Saturday, May 15, 2010

Digging around - Luke 8 reflections

If you read my last post, you might remember how my friend challenged me to read Luke 8 every day.  I have been, despite being tired as all get-out and thinking of how boring and repetitive it is, I have read Luke 8 every day.  Today, I started out in the middle of Luke 8, as I had put my bookmark there for some reason.  It helped me, because I started out with the story of the possessed man and the pigs that jumped over a cliff.  Luke 8 has so much in it, so it was nice to kind of start off there and then come back to the beginning later. 

How many times have I read the parable of the sower?  (Luke 8:1-15) How often do I know that I need good soil? See I have read this passage a million times, but to what level have I "gotten" this passage?  One may never truly know.  I do know however, that I hit a realization today about the passage.  Perhaps its because I haven't spent much of my life paying attention to gardening, or farming, or anything of the sort.  People in this neighborhood where I live pay landscapers that come in pickup trucks during the day while they are at work to do the magic for them.  Perhaps I had always thought that was a magic process myself.
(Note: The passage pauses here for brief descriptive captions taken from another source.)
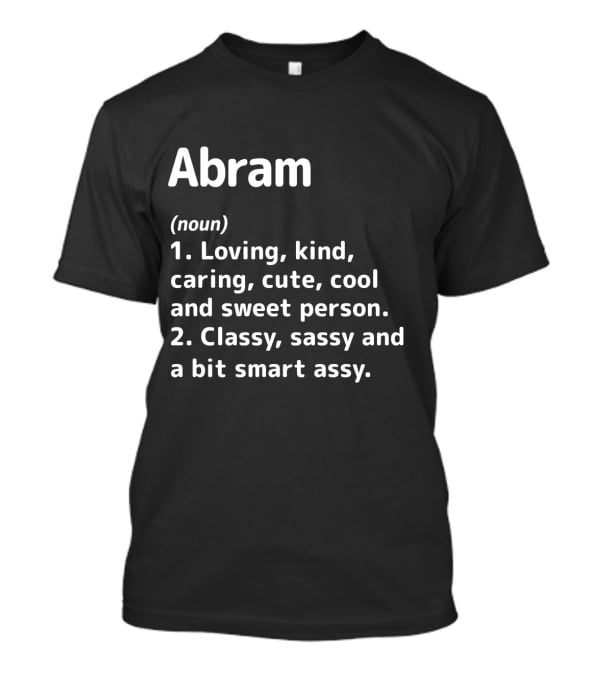 Abram Loving Kind Caring Cute Cool Sweet Person Classy Sassy Smart Assy Definition T-Shirt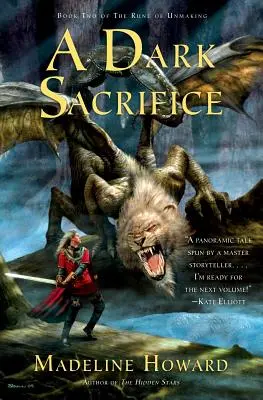 Temná obeť: Druhá kniha Runa odriekania - A Dark Sacrifice: Book Two of the Rune of Unmaking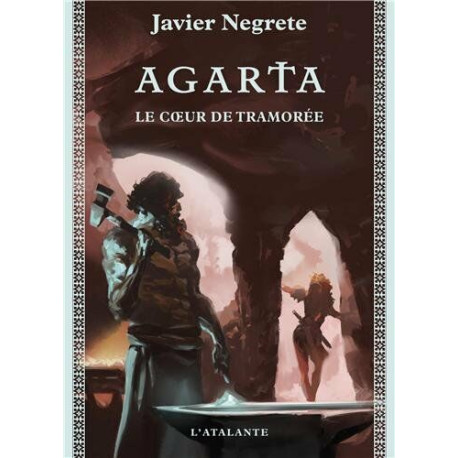 Agarta : Le Coeur de Tramorée - Chronique de Tramorée 4 tome 1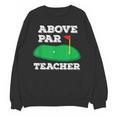 Golf Pun Above Par Teacher School Golfing Men & Women Unisex Sweatshirt, trending gift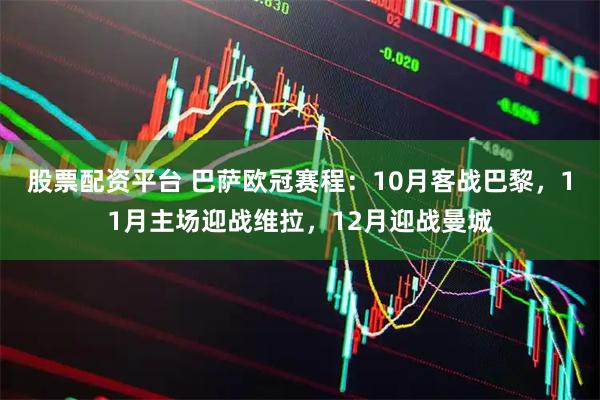 股票配资平台 巴萨欧冠赛程：10月客战巴黎，11月主场迎战维拉，12月迎战曼城
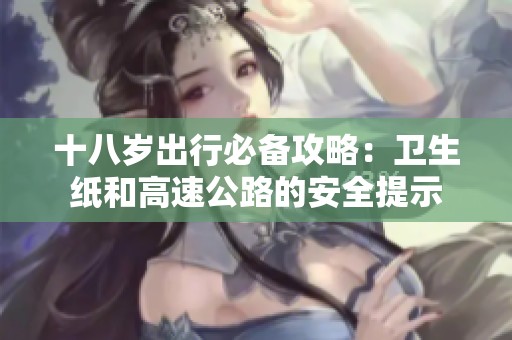 十八岁出行必备攻略：卫生纸和高速公路的安全提示
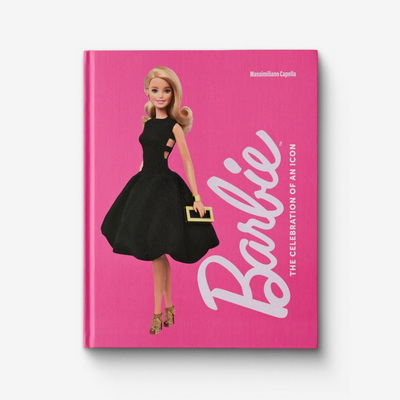 Barbie: The Celebration of an Icon Книга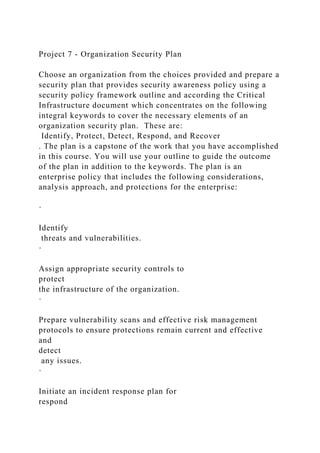 Project 7 - Organization Security Plan
Choose an organization from the choices provided and prepare a
security plan that provides security awareness policy using a
security policy framework outline and according the Critical
Infrastructure document which concentrates on the following
integral keywords to cover the necessary elements of an
organization security plan. These are:
Identify, Protect, Detect, Respond, and Recover
. The plan is a capstone of the work that you have accomplished
in this course. You will use your outline to guide the outcome
of the plan in addition to the keywords. The plan is an
enterprise policy that includes the following considerations,
analysis approach, and protections for the enterprise:
·
Identify
threats and vulnerabilities.
·
Assign appropriate security controls to
protect
the infrastructure of the organization.
·
Prepare vulnerability scans and effective risk management
protocols to ensure protections remain current and effective
and
detect
any issues.
·
Initiate an incident response plan for
respond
At this house, there is no landscape fairy.  My dad and his wife mow the lawn, pull the weeds, water and fertilize, etc.  My whole family helped out with the mulch, as my dad had rented a wood chipper and did away with all the branches from a tree he cut down in the back yard.  I pulled weeds in the front, I have mowed the lawn.  This stuff takes work.  And it keeps growing back.  If you don't watch it, the yard will be full of weeds, the little plastic barriers that keep the grass in the grass and the wood chips in the wood chips comes up, and the plants will take over your yard.  Mowing the back yard it takes several attempts to get around the bushes that want to slice your skin open while you mow the grass underneath.  The earth is moving, and rocks and other barriers fall over, become loose and need re-adjustment.

I have vague memories of helping my parents in our backyard garden as a child.  I know we had one, my grandmother had one, and my aunt had one.  We grew cucumbers, zucchini, tomatoes and corn.  My grandmother grew beans that I loved to pick off the vine and eat.  My favorite memory is probably feeling the wet mud between my toes, which later was hosed off- kids are not afraid to get dirty. The food from the garden was so good and delicious.  It was even more so because we worked for it.  We tended the garden, pulling weeds and making sure it had fertilizer and water.  My dad had this monster machine that tilled the ground under every year.  It was huge in comparison to my child body, and we had to stay far away. It was a monster, consuming the soil and working it hard.  This garden took work.

Why am I to think that my "soil" doesn't require work in order to produce fruit?  The thing that makes my soil the 4th soil in the parable is how much work I put into this soil.  Some people will always be gravel roads.  They go to work, watch tv, have a beer, go to bed, and get up and do it again the next day.  They aren't very deep, and it shows.  They don't have many weeds, but they don't have much fruit either.  They keep their grass mowed tight to the ground, letting nothing and no one in. The fence on this land is tall and topped with barbed wire.  Maybe even electrified.  Some people are deep, but they have so many weeds in their life.  Years of depleted soil inherited from generations of bad gardening.  They can't tell a good plant from a bad plant.  The roots are so entangled, and they continue to think that the problem is the good plant, not the weeds that take over their lives.  There is no fence on this land.  Those are some extremes.

What is my yard supposed to look like?  Well, there is a fence, but also a gate.  Regular weeding, watering, and fertilizing happens.  This means I need to fertilize with the Word of God.  Water with Living Water.  Erect boundaries and pull things in my life that might take vital nutrients away from my tree of life.  I desire to bear fruit.  I need to let the Master Gardener come in.  He does much of the work, but I need to work with him, listen to him and do what he says in order to have everything aesthetically pleasing but also full of life and nutrients, producing much fruit.

Do you see what I see?  Are you hearing what I hear?  I need to work for God's landscaping company.  I need to dig around and work my soil.  I need to contribute to this, if I don't then someone else will.  And the seeds will be snatched before they have a chance to take root.  This life isn't easy, its hard work.  Its very hard grueling work at times.  But once I have the groundwork laid out and a routine in place, its not so bad.  Every once and a while I have to rotate my crops, or take a fallow season.  Sometimes I have to burn the whole place down so that everything can grow up stronger and more resilient.  It kills the undergrowth and gives the good things a chance to really shine.  I am going to have to break a sweat, I just can't sit back and watch it happen.  This isn't a movie or novel, this is life.  This is my garden.  What do you see?